[libre-riscv-dev] [isa-dev] [RFC] SV branch behaviour: augmentation to store results of conditional tests

Wed Sep 25 06:24:21 BST 2019

On Tuesday, September 24, 2019 at 8:00:17 PM UTC+1, Bruce Hoult wrote:
>
> On Tue, Sep 24, 2019 at 6:36 AM lkcl <luke.l... at gmail.com <javascript:>> 
> wrote: 
> > 
> > i wanted to run by people an augmentation of standard scalar RISC-V 
> branch, which is a little complex to explain. 
> > https://libre-riscv.org/simple_v_extension/appendix/#standard_branch 
> > 
> > with SV, there are no vector opcodes, only scalar ones that are 
> "augmented" with a hardware-level for-loop, and may - if the hardware 
> implementor chooses - be parallelised. 
> > 
> > with two possible registers in a branch operation to provide "tag" 
> context (src1 and src2), a lot can be done to provide augmentation options. 
>  the general idea is: if there are going to be multiple elements being 
> compared, then, well: 
> > 
> > (a) make them predicated and 
> > (b) store the results of the comparisons and 
> > (c) change the decision on whether to "branch" to be dependent on *all* 
> of the comparisons and 
> > (d) add fail-on-first data-dependency which can terminate the 
> comparisons early 
> > 
> > where (c) can be modified to be one of 4 decisions: 
> > 
> > * all-tests-zero (NAND) 
> > * all-tests-one (AND) 
> > * at-least-one-test-is-zero (NOR) 
> > * at-least-one-test-is-one (OR) 
>
> You appear to have reversed NAND and NOR. 
>

ah, thank you - logic dyslexia kicking in.

Google "consensual branches". This is a standard feature in SIMT 
> architectures, though seldom publicly documented. Yunsup's theses is a 
> good reference. 
>
> https://people.eecs.berkeley.edu/~krste/papers/EECS-2016-117.pdf
page 22.  "cbranch.ifnone" instruction.  says "they're not publicly 
described" (in NVIDIA GPUs - nothing really is!  i can't find *anything* on 
the internal NVIDIA ISA!)

yunsup mentions that popcount followed by scalar branches is equivalent, as 
is "thread-level predication" (was that the technique that has gotten 
Samsung's GPU into a bit-of-a-mess, can you recall what Mitch said about 
that, on comp.arch?)

holy cow, a search "cbranch.ifnone" provides almost *nothing*!  this was 
the only discussion i could find:
http://lists.llvm.org/pipermail/cfe-dev/2015-January/041098.html

ok section 5.5 of yunsup's paper, says that only "cbranch.ifnone" and 
"cbranch.ifall" exist, and that the lack of "cbranch.ifany", *two* branches 
in a row are needed: a cbranch.ifnone followed by an unconditional jump.

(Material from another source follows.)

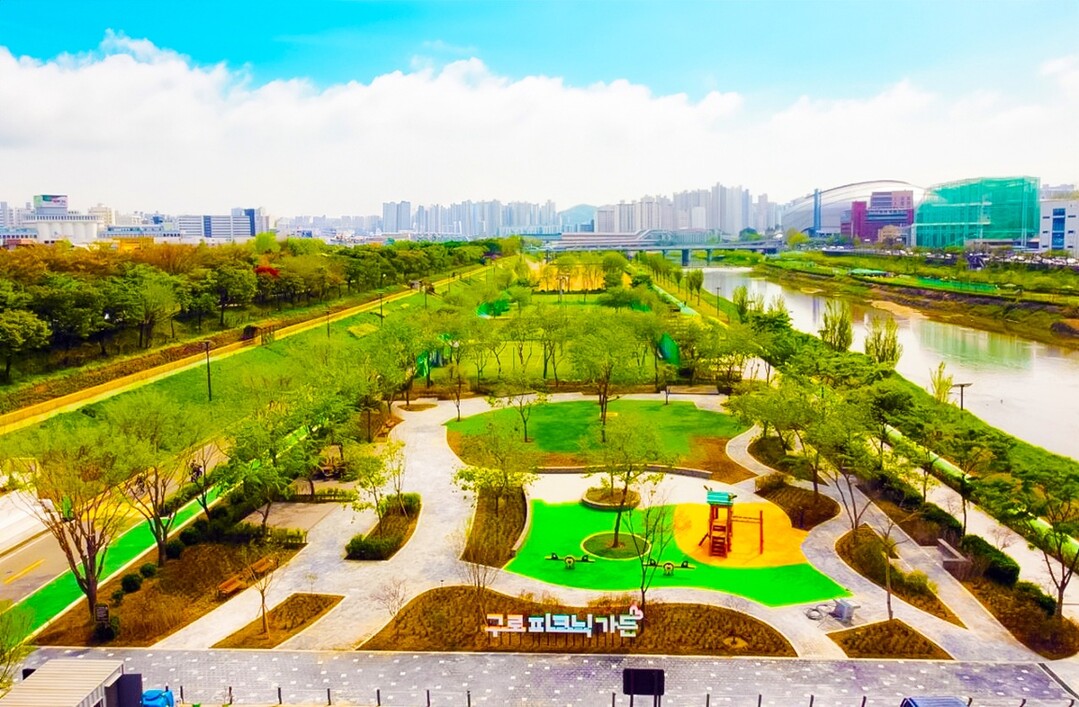 안양천변을 따라 조성된 ‘구로 피크닉가든’의 전경 모습. 구로구 제공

"A new instruction would improve performance as it would decrease 
instruction count and make unrolling easier by eliminating a branch 
instruction from the middle of an unrolled region"

so it looks like, by accident / design, i'm describing / advocating the 
same thing.

> When you convert SIMT to vectors it becomes a test on predicate masks. 
>
> In RVV I expect this would turn into using VPOPC and then comparing 
> against 0 or VL.
>

hmm that sounds like it would work, except it also sounds expensive, and, 
also, loses information at the point at which it was generated.

also, if the comparison itself was predicated, then it would be necessary 
to compare not against VL, but against VPOPC(mask):

mcount = VPOPC(mask)
v.cmp m0, v1, v2, mask
rcount = VPOPC(m0)
BNE/BEQ mcount, rcount, @branchpoint

where in SV it's _literally_ just "BGE" [vector-context-setup aside].  
side-note: the same trick can't be deployed using C.BNEZ or C.BEQZ because 
SV needs *two* context-tagged registers to pull off this trick (one for the 
mask, one to store the comparison results).

from what yunsup is saying, although it's not commonly-known, 
consensual-branches could improve performance *if* the full four set is 
available.

to that end, would it be worthwhile explicitly adding to RVV?  (two reasons 
why i ask: 1. because the team doing RVV analysis have far more expertise 
and resources to hand and 2. if there is direct-equivalence in SV then our 
team has a hell of a lot less work to do).

to achieve direct equivalence, the cbranch.ifnone/all/any/some operation 
would need to itself be (optionally) predicated.  interestingly, it would 
need to take a vector mask register as src1, rather than an int/FP vector, 
because vector/FP comparison instructions write to a destination mask 
register.
https://github.com/riscv/riscv-v-spec/blob/master/v-spec.adoc#vector-integer-comparison-instructions

the cbranch operation could then be macro-fused with vms*** and vmf*** 
operations.